Probably AWS issue. Our production RDS postgres cluster did that a few months back. Just stopped responding on the network. Health checks were fine. AWS support was mostly useless and couldn't work it out in an hour, despite having their top tier enterprise support, so with customers down we had to create a whole new cluster and do a restore from backup which took 4 hours.

RDS is now gone. It's on a couple of EC2 instances with replication, hourly EBS snapshots and daily shipping to S3.

I'm loathed to use AWS's "encapsulated" services for anything since.

I think these are isolated incidents though. We’ve ran several tens of RDS clusters for 6 years running, and nothing has ever gone wrong. Maybe the ap-northeast-1 region is well maintained?
Could that be an AWS operational issue, and not related to Valkey?

I only run redis myself but wouldn't immediately place blame on Valkey if that happened.

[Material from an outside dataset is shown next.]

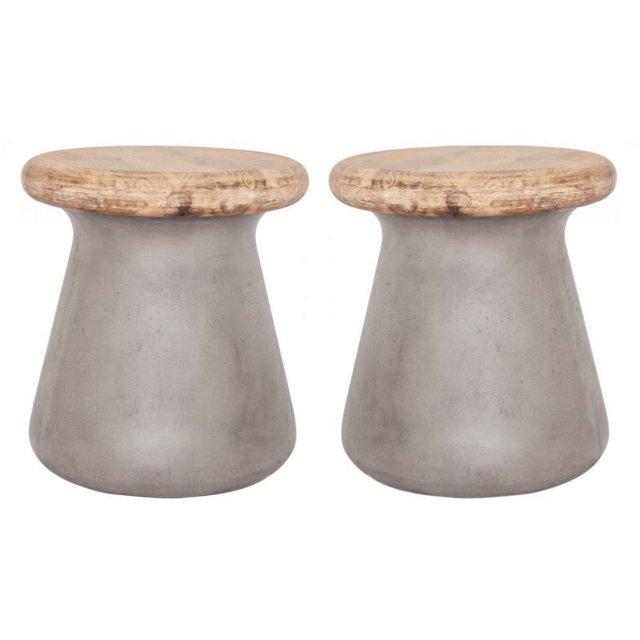 Home Square Modern Concrete Outdoor Stool in Gray - Set of 2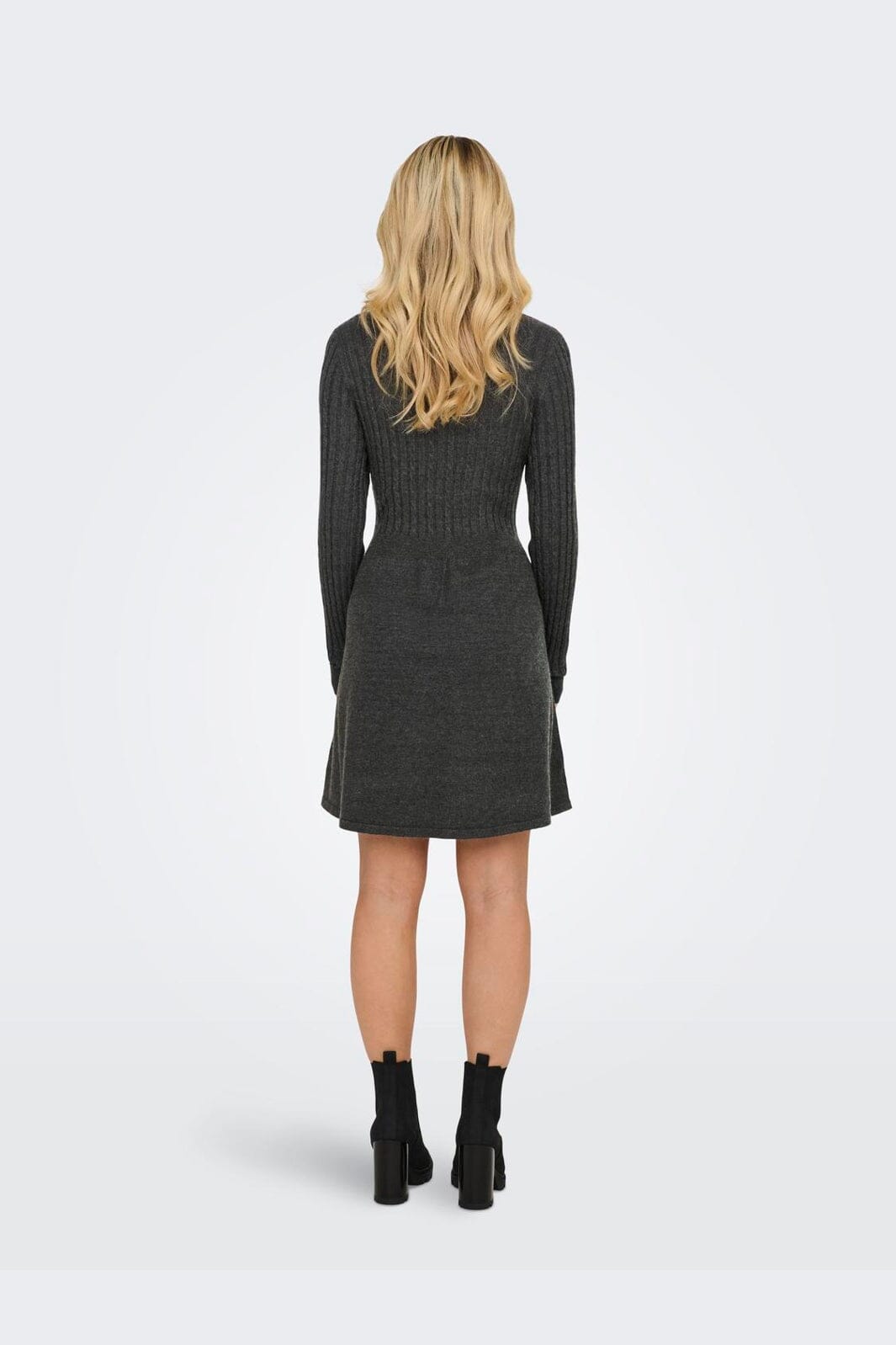 Only - Onlfia Ls Cable Dress Knt - 4411428 Dark Grey Melange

Yeah I don't understand how something could be "completely offline" and still have health checks passing.
"completely offline" also doesn't sound like a problem with a software project. At best it's a particular managed service experiencing downtime. Would Linux be to blame if my power supply goes up in smoke?
It’s a bit confusing to me exactly what went wrong. I think that when you have a redis/valkey cluster with multiple nodes and you use the cluster uri, there must be some kind of load balancer or custom routing. When we would attempt to connect to valkey the connection would look good, but when we would submit commands to it they would never execute. We had written our application so that it would operate with no issue (just slower) if the cache goes down. In this case, connections looked good but no work was actually being done. AWS support suggested we restart the nodes but because they were not responding they never shut down … or at least it took a really long time. They were never able to tell us what actually happened. My guess is that valkey command execution got stuck somehow but was still able to create new connections.
“Completely offline” and passing health checks don’t typically go together…
Can’t be reached outside the network that the instance and health check are running on? Maybe available in one AZ, but not on the one that’s trying to connect.
Why you don't just run new instance with your own Valkey?
Because when you’re in production with many users, it’s not worth the risk when you’ve already been burned, especially when the downside is a small discount.
The aws managed cache offerings are not just a small premium, they're like 10x more expensive than the ec2 instance types they represent.
Its more but I doubt its 10x or even close to that.
It's not even 2x. I spot checked 2 instance types and they were 36% and 69% more.
What instance types were you using, just for reference?